ML model to predict the Heating, ventilation, and air conditioning (HVAC) system behavior.
This is my solution for a "Technical Session" interview at some company... 🙂
Task Description
Attached are 4 .pkl files containing time series of exogenous influence variables, sensor data and control actions of a simulated HVAC system in form of Pandas DataFrames. Specifically, the files with the suffix "_exogenous" each contain one month of quarter-hourly timeseries relating to outdoor temperature, solar irradiance, and occupancy of the room whose temperature the HVAC system controls.
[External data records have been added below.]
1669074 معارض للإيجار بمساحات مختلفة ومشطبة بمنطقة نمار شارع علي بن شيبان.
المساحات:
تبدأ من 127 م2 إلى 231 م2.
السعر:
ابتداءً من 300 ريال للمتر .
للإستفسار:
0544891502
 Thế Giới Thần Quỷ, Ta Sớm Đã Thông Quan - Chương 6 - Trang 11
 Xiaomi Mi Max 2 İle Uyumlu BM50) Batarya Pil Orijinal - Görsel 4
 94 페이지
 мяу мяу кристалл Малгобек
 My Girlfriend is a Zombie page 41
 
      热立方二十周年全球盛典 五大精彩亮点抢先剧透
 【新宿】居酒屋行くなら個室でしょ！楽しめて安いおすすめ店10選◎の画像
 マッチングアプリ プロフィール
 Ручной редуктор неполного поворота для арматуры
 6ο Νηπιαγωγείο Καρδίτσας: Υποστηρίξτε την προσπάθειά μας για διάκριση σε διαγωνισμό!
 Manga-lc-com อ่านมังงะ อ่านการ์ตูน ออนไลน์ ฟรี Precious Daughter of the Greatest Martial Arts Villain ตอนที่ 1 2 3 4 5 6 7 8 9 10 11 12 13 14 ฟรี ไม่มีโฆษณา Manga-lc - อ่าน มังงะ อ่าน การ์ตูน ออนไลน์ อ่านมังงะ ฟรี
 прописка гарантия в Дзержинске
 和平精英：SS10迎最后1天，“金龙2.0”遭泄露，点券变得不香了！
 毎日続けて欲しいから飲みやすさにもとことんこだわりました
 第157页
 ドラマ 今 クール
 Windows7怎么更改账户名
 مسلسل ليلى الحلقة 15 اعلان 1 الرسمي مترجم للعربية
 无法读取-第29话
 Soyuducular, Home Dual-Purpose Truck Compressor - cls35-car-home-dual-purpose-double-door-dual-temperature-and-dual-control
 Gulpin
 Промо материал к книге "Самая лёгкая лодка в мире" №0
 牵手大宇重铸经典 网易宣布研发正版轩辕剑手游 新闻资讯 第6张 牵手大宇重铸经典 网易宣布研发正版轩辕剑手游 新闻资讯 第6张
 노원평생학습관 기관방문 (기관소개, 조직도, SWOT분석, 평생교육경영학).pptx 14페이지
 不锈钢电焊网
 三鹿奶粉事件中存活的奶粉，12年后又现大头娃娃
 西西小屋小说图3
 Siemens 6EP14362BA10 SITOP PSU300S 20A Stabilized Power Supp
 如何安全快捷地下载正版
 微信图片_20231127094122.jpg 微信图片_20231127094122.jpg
The files with the suffix "_system" contain correspondingly aligned time series for the room temperature, temperatures of the water circuits of the connected boiler, temperatures of the supply air at different measuring points, a setpoint and two actuator state values as well as the delta of the gas consumption.
We now assume that today is the 31.03.2017 and the time series in the files with "train" in the name - which are from March 2017 - are known, while the time series in the file "hvac_simulation_test_exogenous.pkl" contain exact predictions of temperature, solar irradiance and occupancy of the room for April 2017.
To demonstrate your practical skills, you should now try to predict the values of the time series in the file "hvac_simulation_test_system.pkl" for all 30 days of April per day individually and as best as possible using the time series in "hvac_simulation_test_exogenous.pkl" . "Per day individually" means that in order to predict e.g. the data from "hvac_simulation_test_system.pkl" for day 3 in April, you may only use that data from "hvac_simulation_test_exogenous.pkl" as input for the model, which has a timestamp >= 2017-04-03 00:00:00 and <= 2017-04-03 23:45:00.
To train the model you can use - without restriction - all data from "hvac_simulation_train_exogenous.pkl" and "hvac_simulation_train_system.pkl".